Rech destaca que é possível obter bons resultados com 30 minutos de dedicação diária, ou uma hora, se for o caso de praticar três vezes por semana. A intensidade deve ser moderada:
– O importante para quem vai começar a se exercitar é saber progredir, para que o corpo se condicione de uma forma saudável, e que a gente não acabe prejudicando ao invés de ajudar.
O poder do relaxamento
Biomédica e pós-graduada em Acupuntura, Estética e Cosmetologia e Citologia, a caxiense Suélen Oliveira também se especializou nas técnicas da Medicina Tradicional Chinesa (MTC), como a acupuntura, a moxabustão e a ventosaterapia, além de massagens. São conhecimentos milenares que auxiliam no tratamento de dores crônicas, mas também produzem efeito no combate ao estresse e à ansiedade. Suélen destaca que a pandemia fez aumentar consideravelmente a procura pela MTC.

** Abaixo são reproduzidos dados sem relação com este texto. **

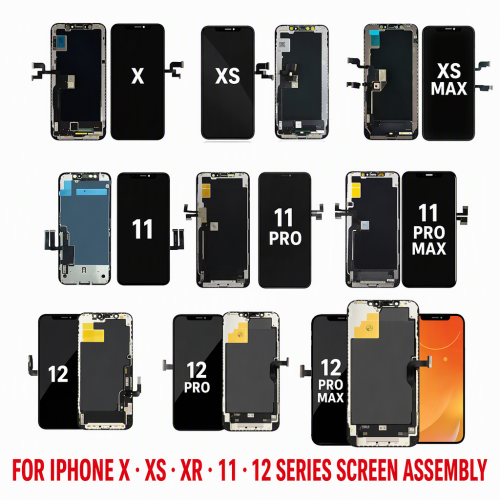 TFT Display Screen Assembly Compatible with iPhone X XS XS Max XR 11 11 Pro Max 12 12 Pro Max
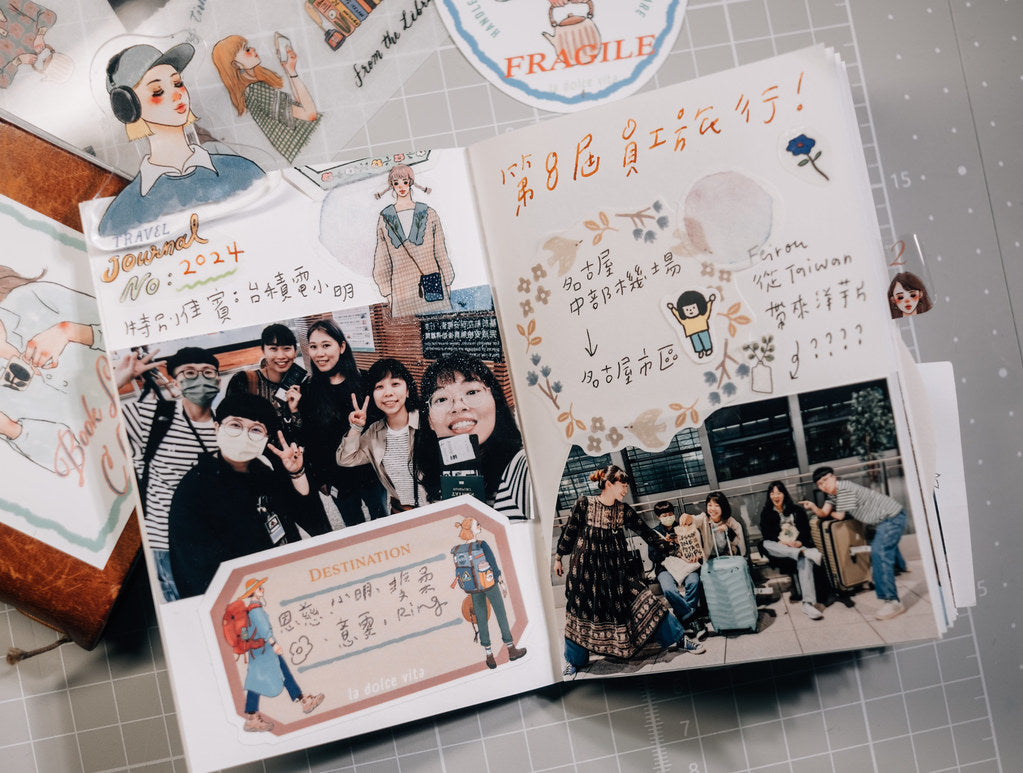 Notebook | Passport size (with variants)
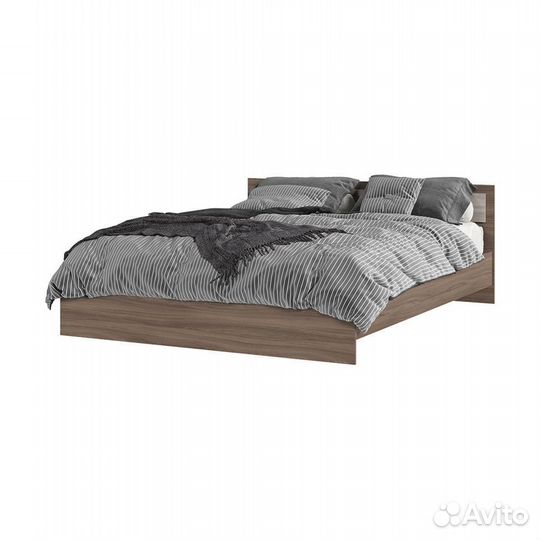 Кровать без ящиков кр-601 Гармония 1,6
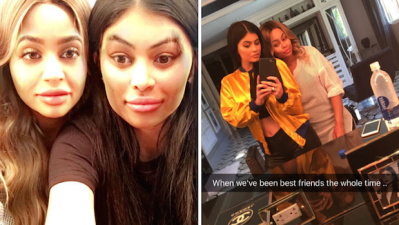 So Kylie Jenner & Blac Chyna Were Trolling This Whole Time, Are Legit M8s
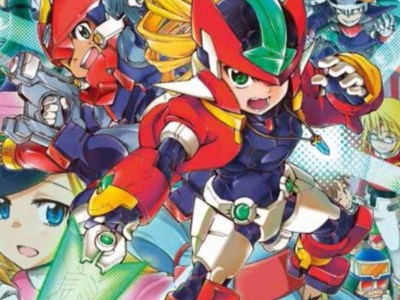 Mega Man ZX manga rerelease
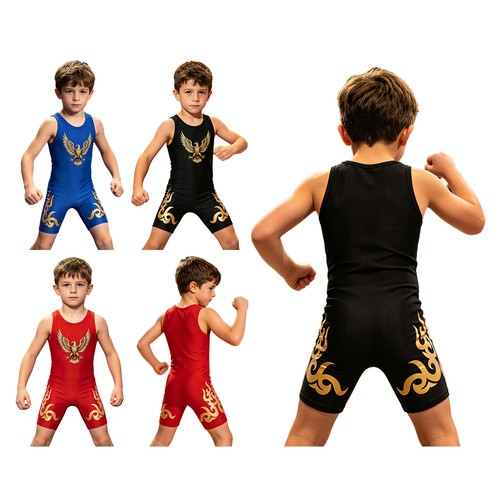 Kids boys bodysuit training - kids,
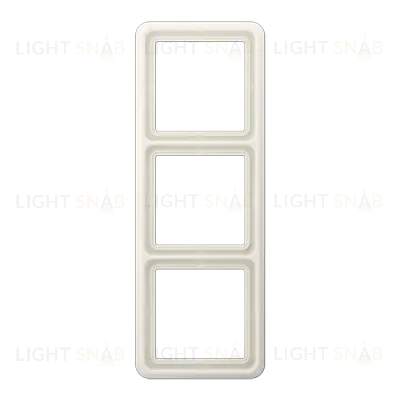 Рамка трехместная Jung CD583W CD583W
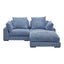 TUMBLE NOOK MODULAR SECTIONAL NAVY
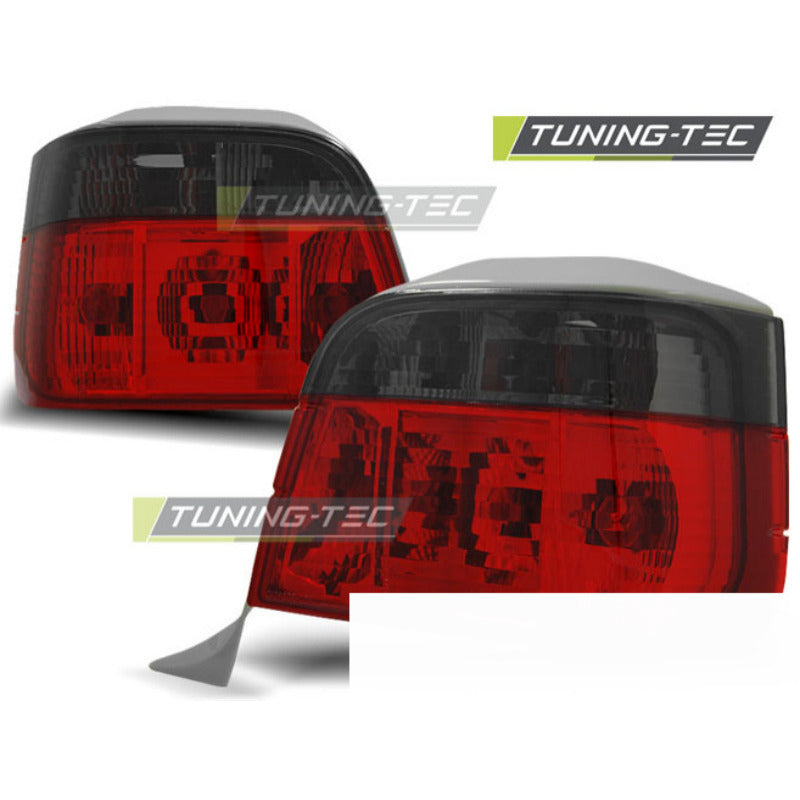 Fanali Posteriori Rosso Fumé per BMW E36 Touring (05.94-08.99) Fanali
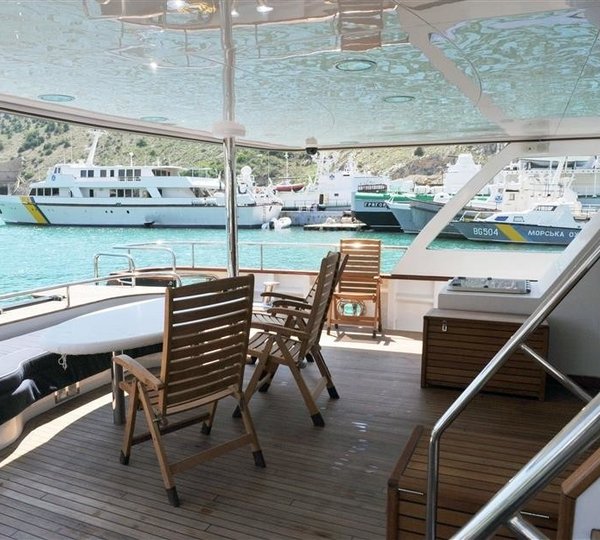 The 41m Yacht SAINT NICHOLAS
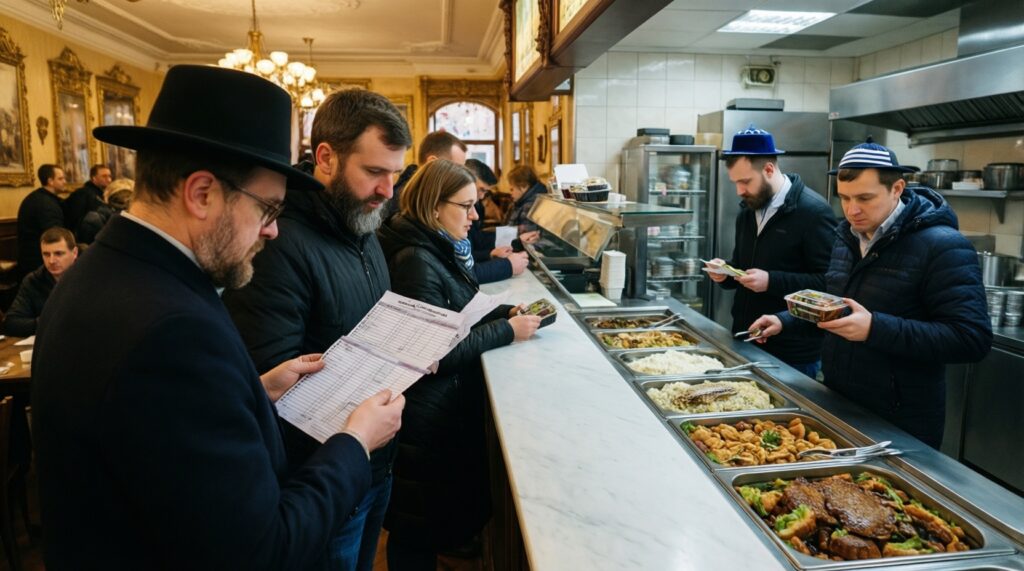 Кошерные рестораны и кафе Москвы: где поесть и на что обратить внимание - иллюстрация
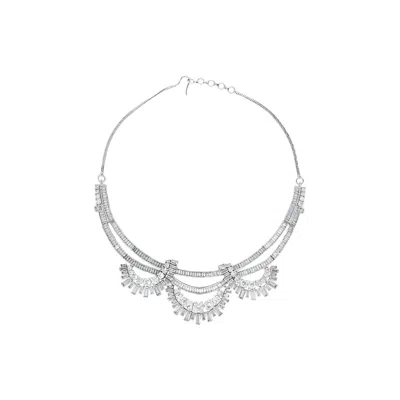 Stephanie Browne Australia Women's Monaco Necklace In Silver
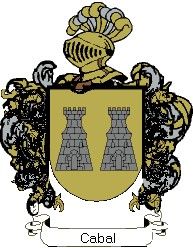 Escudo del apellido Cabal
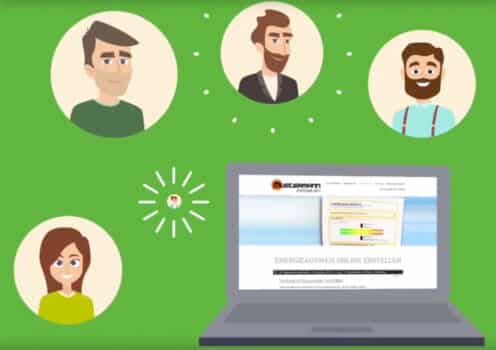 Mit dem Energieausweis-Leadgenerator auf Seite 1 bei Google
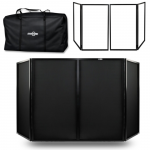 STAND4ME DJ EKRANAS KOMPAKTINIS JUODO STIPRIOJO RINKINYS, ekrano uždangalas, sk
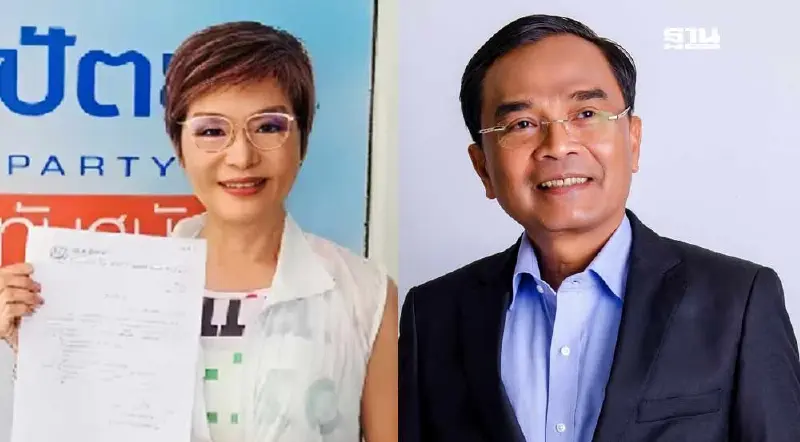 เลือดไหลกลับ นิพิฏฐ์-อรอนงค์ สมัครสมาชิก ปชป. หนุน อภิสิทธิ์ ผู้นำ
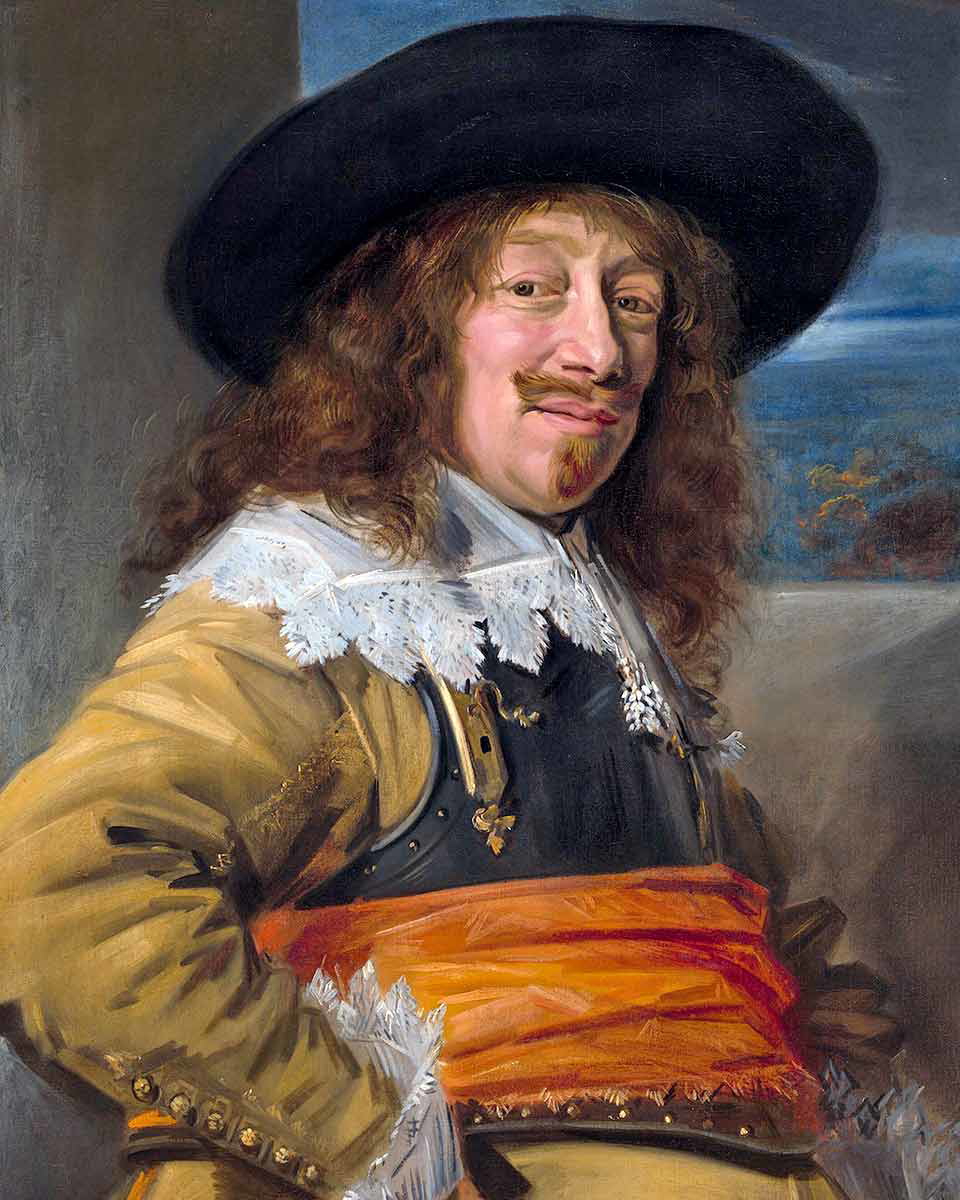 frans hals haarlem civic guard dutch golden age portrait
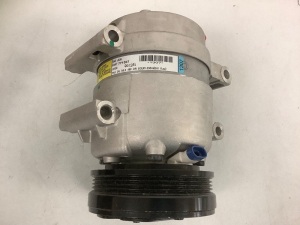 A/C Compressor, E-Comm Return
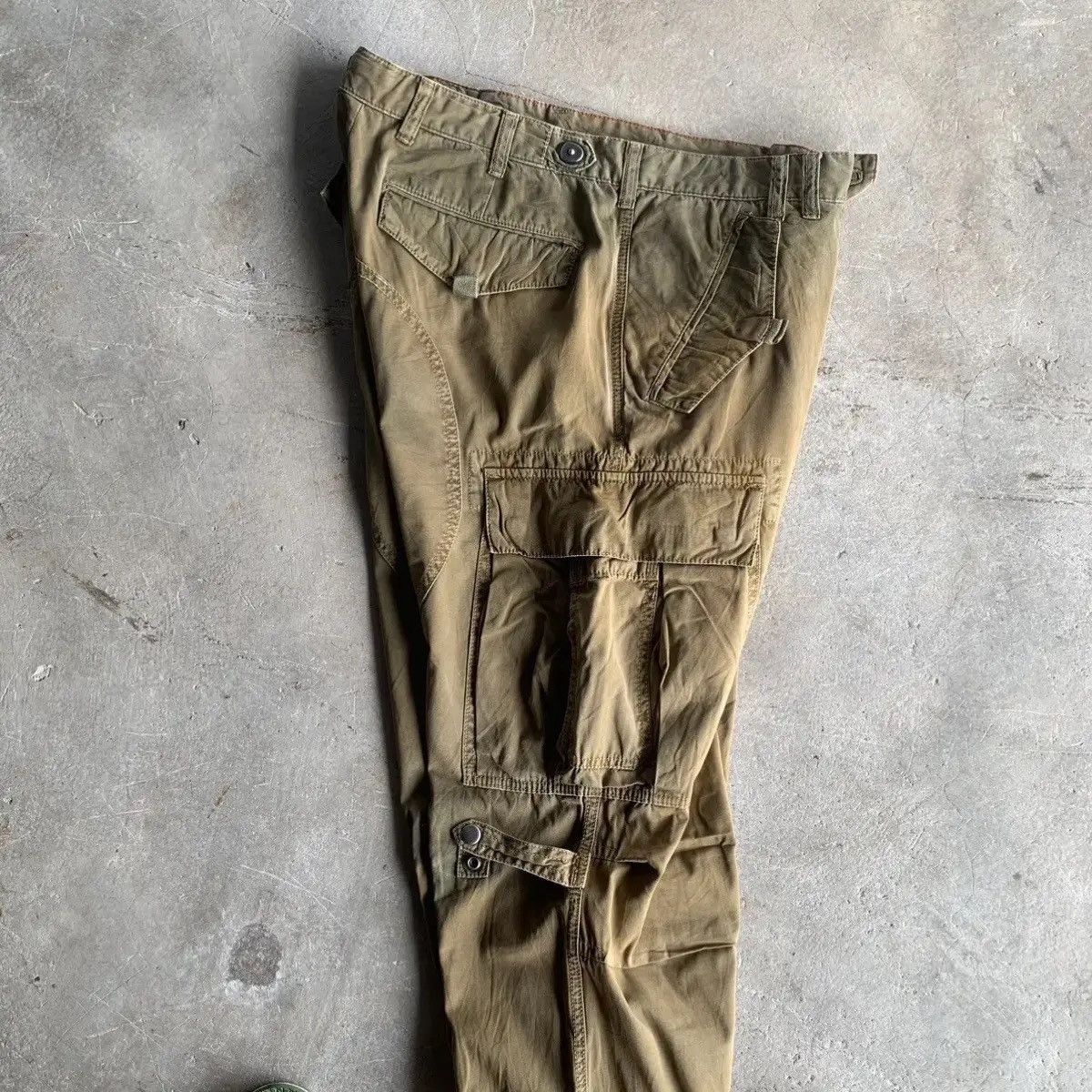RRL Ralph Lauren 💥BEST OFFER💥 Parachute Multi Pocket Utility Combat Pants Size US 32 / EU 48 - 20 Thumbnail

– O estresse é uma reação fisiológica necessária ao organismo, pois nos faz reagir e nos defender de uma ameaça. O que não devemos é viver num estado de estresse, em que o medo, a raiva e a tristeza desequilibram nossas energias. A acupuntura, as ventosas, a auriculoterapia, nos permitem movimentar essa energia, fazendo-a circular e melhorando os sintomas provocados pelo estresse, como insônia, dores tensionais, e dores de estômago – explica a especialista.
A biomédica destaca que boa parte do público que recorre a acupuntura é masculino. Trata-se de um momento de relaxamento, explica, em que alguns pacientes chegam a dormir durante a sessão. A MTC, no entanto, não faz milagres. E traz melhores benefícios associada a mudanças de hábitos que visem uma rotina mais saudável:
– Entre as coisas que sugiro estão iniciar é a atividade física e também tentar limpar o sono, criando um ritual para a hora de dormir, mais ou menos sempre no mesmo horário. Tomar um chá calmante também é muito bom.